I don't care if I sound spoiled but I have yet to see how nice weather and a first class ticket compensate for this. Luckily I've had no problem drinking here since I was 15, but that's pretty much the only available coping method.
Infact, I've decided I prefer summer in New England to tropical vacations. After winter I feel like I've really earned the heat.
Thursday, December 17, 2009
But...Why Mario!?
So recently a friend of mine decided to time how long it took him to get 120 stars in Super Mario 64. Now my interest in video games has peaked significantly compared to around this time last year, but there is one thing I still don't get: Why Mario!?

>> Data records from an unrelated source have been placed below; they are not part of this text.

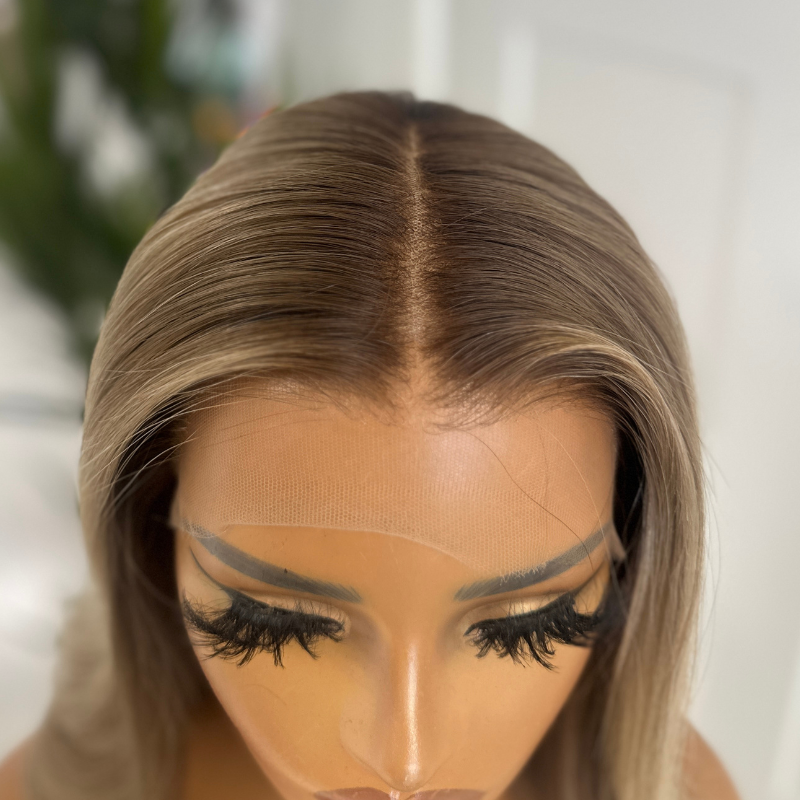 12 inches Rooted Light Blonde Mix Lace Front Human Hair Wig-MIAH - estellewigsandmore.co.uk Human Hair Wigs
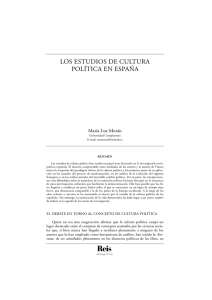 Los estudios de cultura política en España. Morán, María Luz (REIS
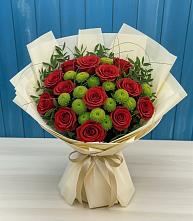 Букет цветов из:  Розы и Хризантемы #REPLACE_PRED# Новолеушковской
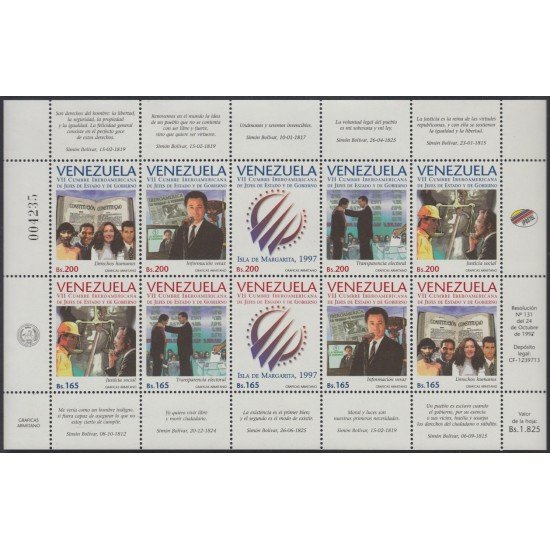Venezuela 1971AK 1997 VII Cumbre Iberoamericana de Jefes de Estado y de Gobierno MNH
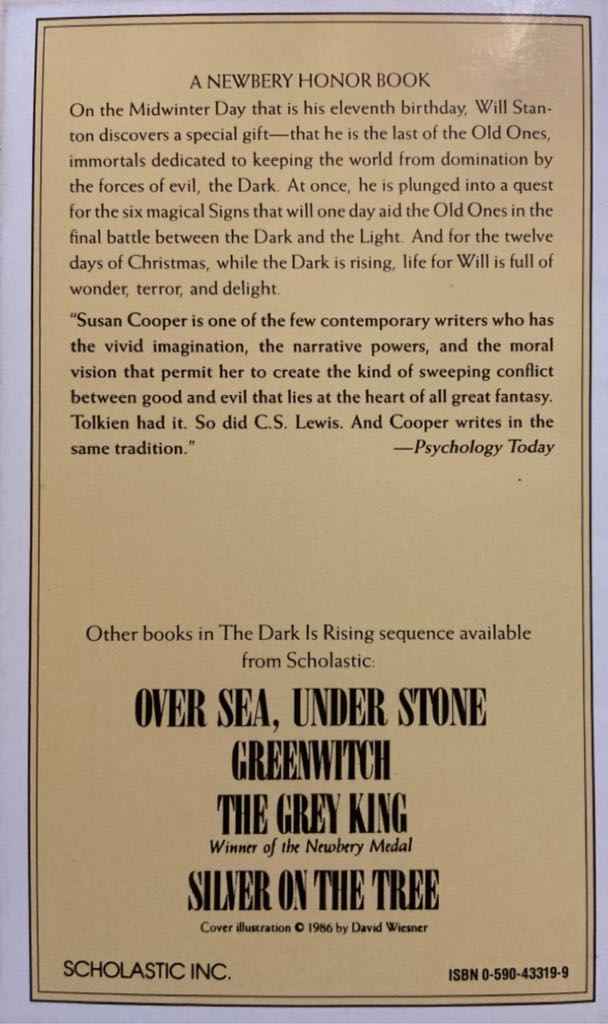 The Dark is Rising - Susan Cooper (Scholastic - Paperback) book collectible [Barcode 9780590433198] - Main Image 2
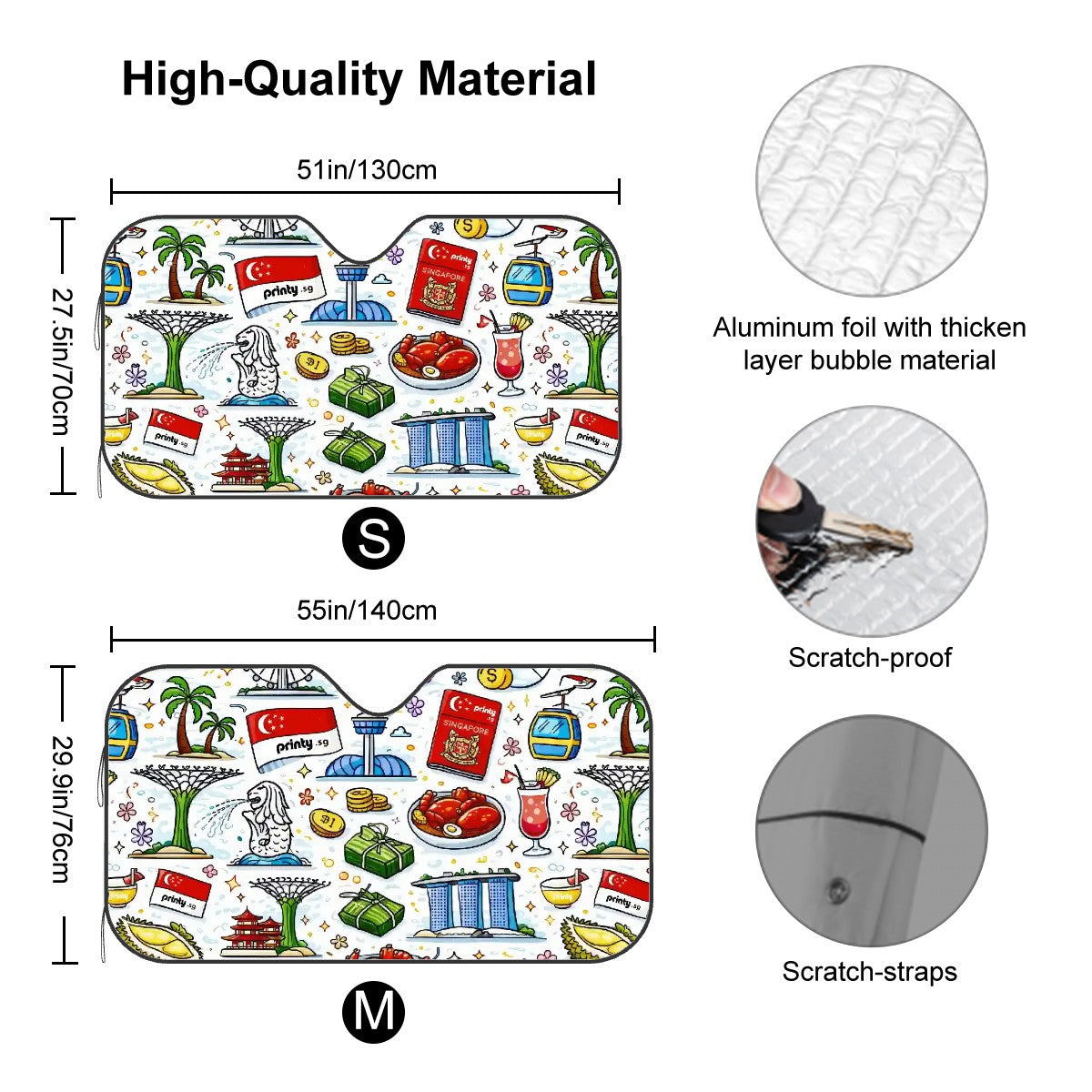Custom Car Windshield Sun Shade (Stiff Version)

I mean, if you're looking for really awesome graphic battle scenes this is obviously not the place to find it. The locations are creative and the stars and characters are cute, but that's pretty much it. And if you're looking for an exciting adventure, well, you're probably just going to end up rescuing Peach for the fiftieth time, or following some other random-ass plot like finding a baby that the stork dropped in the wrong spot, or scrubbing up graffiti. I mean really, who comes up with this stuff? How does it actually sell well? And to teenage boys?
And then there's Mario himself- for starters, he's cruel to animals. I mean had he not mistreated his poor little pet ape in the first place then half of the problems he has to deal with wouldn't have even developed. We're all supposed to empathize with him because he's a plumber and supposedly just your average joe, but when you and all of your friends live in castles that really just makes you a total poser. Not to mention you're clearly loaded or where else would you get the money to keep up your immense drug habit. C'mon, all those magic stars and rainbows? the mushroom kingdom? I'm no fool.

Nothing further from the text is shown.